* _EXTRACTED RECORDS_
----

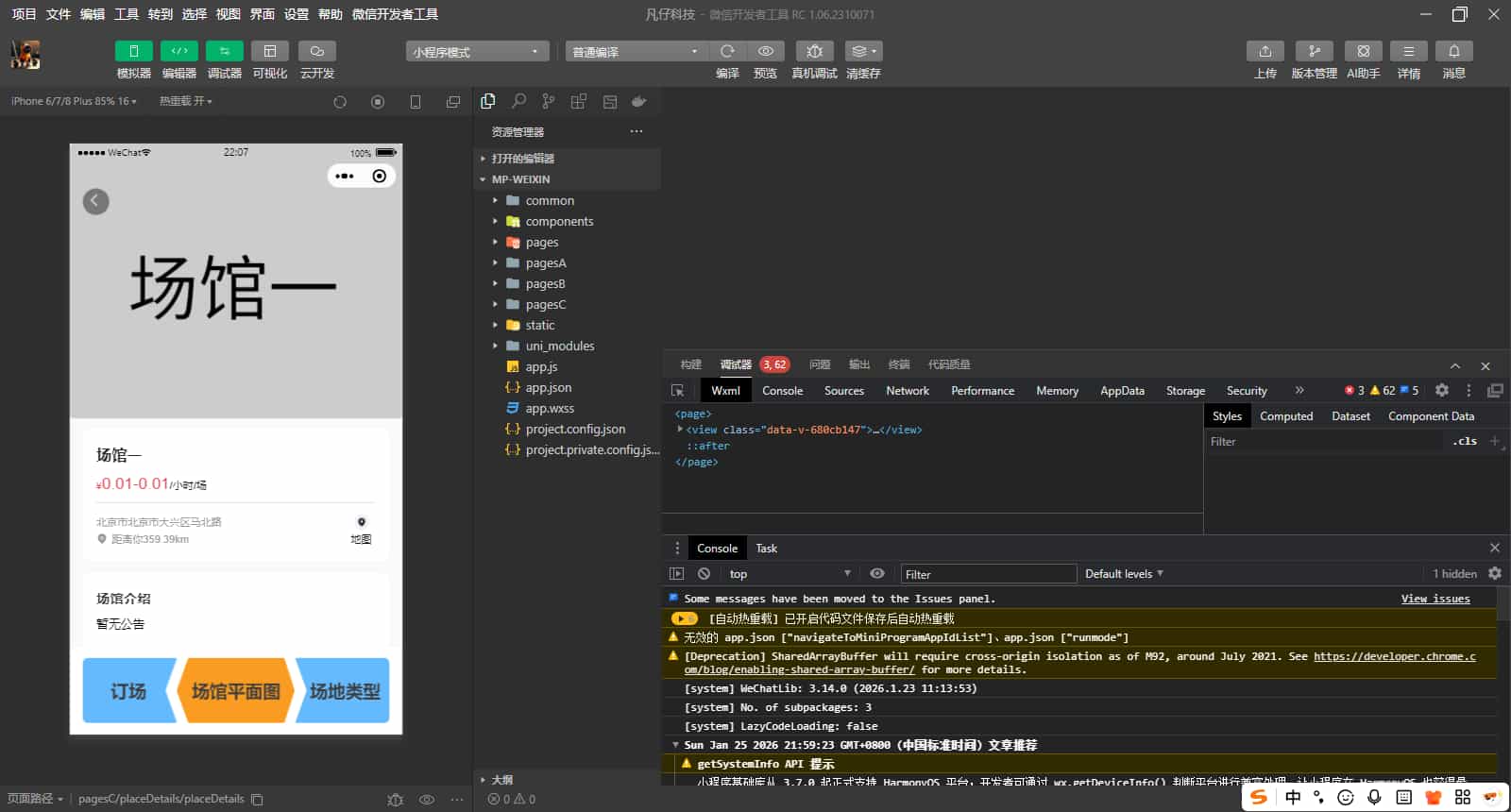 多场馆预约系统源码_FastAdmin 开发_场地预约支付核销小程序-2.jpg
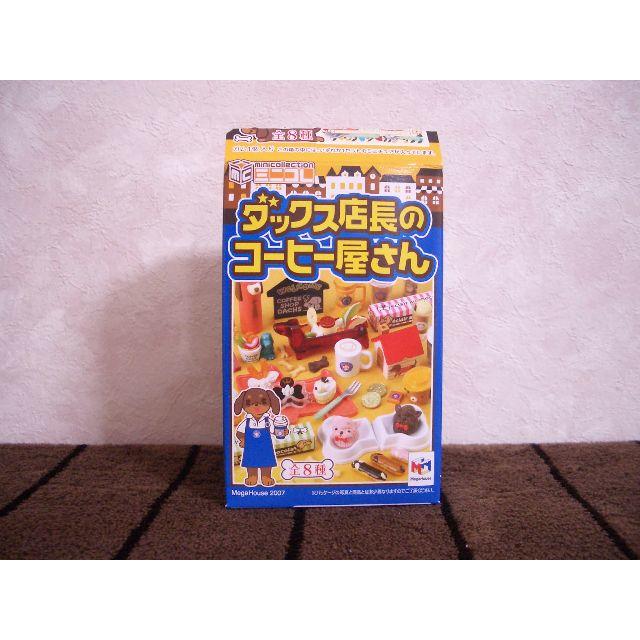 ☆メガハウス　ミニコレ　ダックス店長のコーヒー屋さんフィギュア　全８種☆ラスト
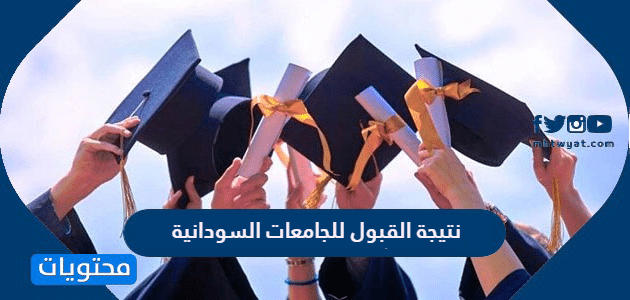 نتيجة القبول للجامعات السودانية 2024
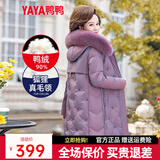 鸭鸭（YAYA）鸭鸭2022年中年新款羽绒服女中长款加厚狐狸毛时尚休闲保暖外套X 豆沙DSO66B0390 4XL
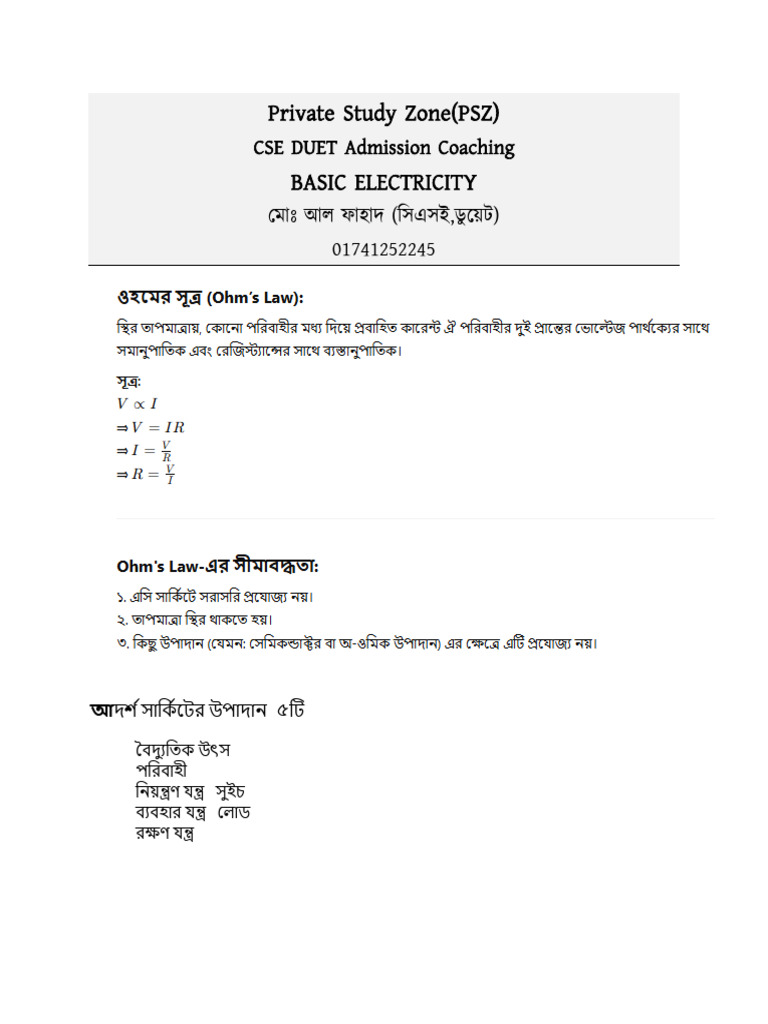 Private Study Zone (PSZ) Basic Electricity: CSE DUET Admission Coaching ...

----

* _YOUR OBJECTIVE_
Quote the records above exactly, leaving out any pictures.

* _COMPLETED TASK_
 多场馆预约系统源码_FastAdmin 开发_场地预约支付核销小程序-2.jpg
 ☆メガハウス　ミニコレ　ダックス店長のコーヒー屋さんフィギュア　全８種☆ラスト
 نتيجة القبول للجامعات السودانية 2024
 鸭鸭（YAYA）鸭鸭2022年中年新款羽绒服女中长款加厚狐狸毛时尚休闲保暖外套X 豆沙DSO66B0390 4XL
 Private Study Zone (PSZ) Basic Electricity: CSE DUET Admission Coaching ...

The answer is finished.